Thursday, April 5, 2012

Desperate Times Produce Desperate Thinking


A penny saved may be a penny earned. But don't count on it still being worth the same amount when you want to spend it - especially if Harvard economist Kenneth Rogoff gets what he wants.

As the Federal Reserve does everything it can to dump new money into the economy, many people, myself included, are convinced that we are headed toward a period of potentially serious inflation. Most of those people are equally convinced that inflation is a bad thing. It is, after all, one of the two ingredients in the so-called misery index.

In recent comments, however, Rogoff has advocated intentionally creating "moderate inflation of, say, 4 to 6 percent for several years." (1) In an opinion piece in the Financial Times, he acknowledged that his proposal might be anathema to some, but said "a once-in-75-year crisis calls for outside-the-box measures."

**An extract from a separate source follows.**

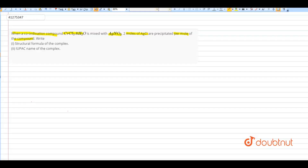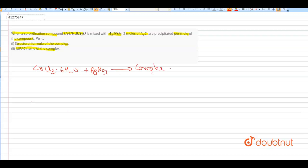Let's explain what is the structural formula of the complex form, and the IUPAC name of the complex form. So: CrCl₃·6H₂O + AgNO₃ gives the complex plus 2 moles of AgCl. This is the problem.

The idea behind the inflationary solution is to get people out of debt by effectively reducing the amounts they owe. A $100,000 mortgage stays a $100,000 mortgage, but if a government can churn up a 4 to 6 percent inflation rate, that $100,000 becomes a smaller amount relative to the cost of other goods and wages. According to Rogoff, the main issue facing our economy is "a huge overhang of debt," so anything that helps debtors pay back what they owe for less is a good thing.

Rogoff's view has been a particularly hot topic in the financial press, since he is generally known as a conservative thinker. As recently as 2008, he specifically rejected the idea of temporary inflation as salve for personal debt, writing in the Financial Times, "However convenient it may be to have several years of elevated inflation to help bail out homeowners and financial institutions, the gain has to be weighed against the long-run cost of re-anchoring inflation expectations later on." (2)

What Rogoff recognized then, and seems to have forgotten now, is that what goes around comes around. When debtors pay less, creditors get less back.

Back when banks operated as banks, rather than as government-backed hedge funds, savers deposited their money in the bank in exchange for a reasonable rate of interest. Banks would then lend that money to borrowers at higher rates of interest. Borrowers accepted those rates, either because they were willing to pay a premium to have money now rather than later, or because they believed they could get an even higher rate of return themselves. Banks made their profit on the spread between what they paid depositors and what they charged borrowers.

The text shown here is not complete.